Seiten

Donnerstag, 28. Oktober 2010

Am Mittwoch...

...dachten wir kurz, wir hätten das ganze Projekt überfordert: Nach der sehr, sehr aufwühlenden Probenwoche und dem tollen Premierenerfolg von "Zäune" hatten wir acht Vorstellungen innerhalb eines kurzen Zeitraumes angesetzt. Wir wollten, dass viele Zuschauer die Produktion erleben konnten. Wir wollten aber auch, dass die jungen Darsteller die Chance bekämen, sich als Gruppe zu beweisen. Und das gelingt nur, wenn man auch gemeinsam durch Krisen geht. Die hohen Berggipfel sind schön, aber auch die tiefen Täler haben ihren Sinn.

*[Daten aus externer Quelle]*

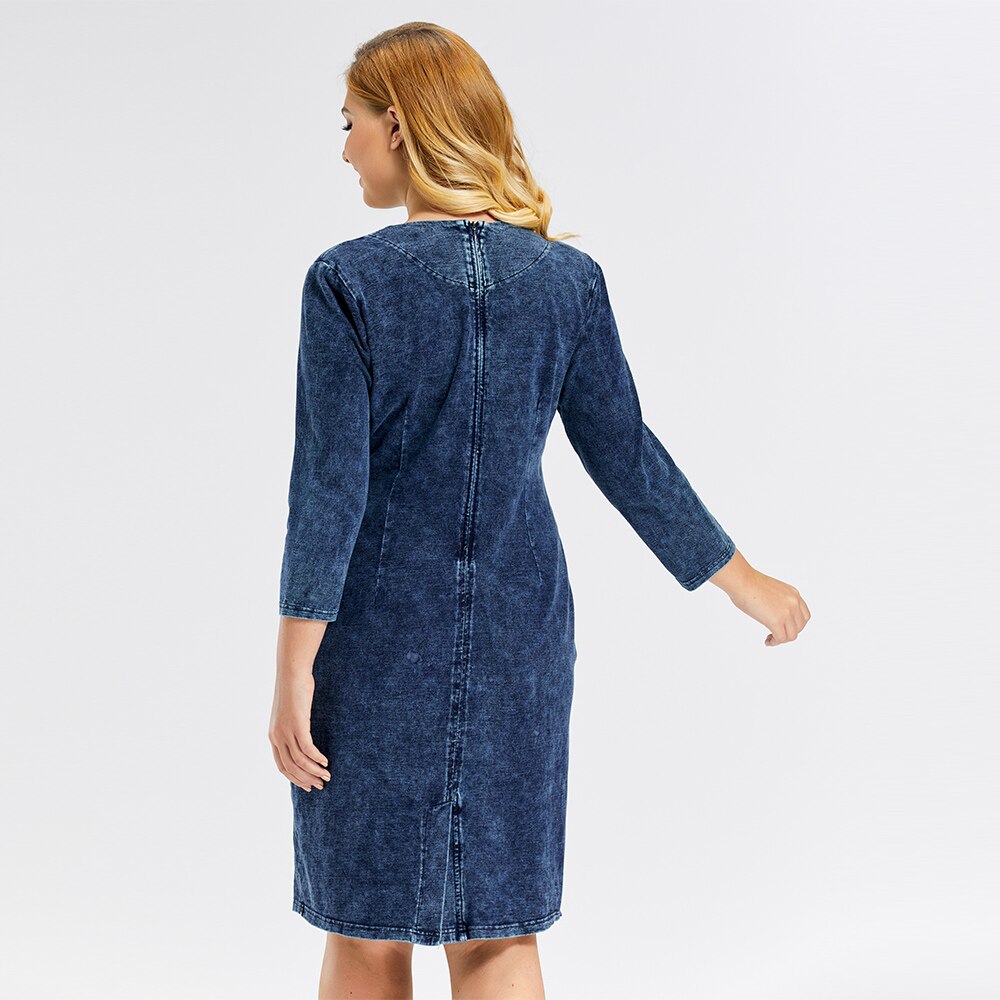 Women's Plus Size Denim Dress Elasticity Knitted Denim Dresses Slim Fit Casual Dress  Knee-Length Midi Dress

Und am Mittwoch kam die große Krise. Alle waren müde. Natürlich. Aber einige der Jugendlichen brachten nicht die Kraft auf, sich auf  Theater einzulassen. Sie waren unkonzentriert, hatten nur Dummheiten im Kopf, ließen sich nicht organisieren, hörten noch weniger zu als schon zu guten Zeiten - und zum ersten Mal gab es Murren und Proteste der Gruppen gegeneinander: Die aus xxxx seien sehr nervig. Die aus yyyy würden stören. Die aus zzzz stören noch mehr. Zum ersten Mal in all den Tagen beschloss der Produktionsleiter, ein Aufwärmtraining abzubrechen. Er wollte es der Choreographin nicht zumuten, in einem derart undisziplinierten Chaos zu arbeiten.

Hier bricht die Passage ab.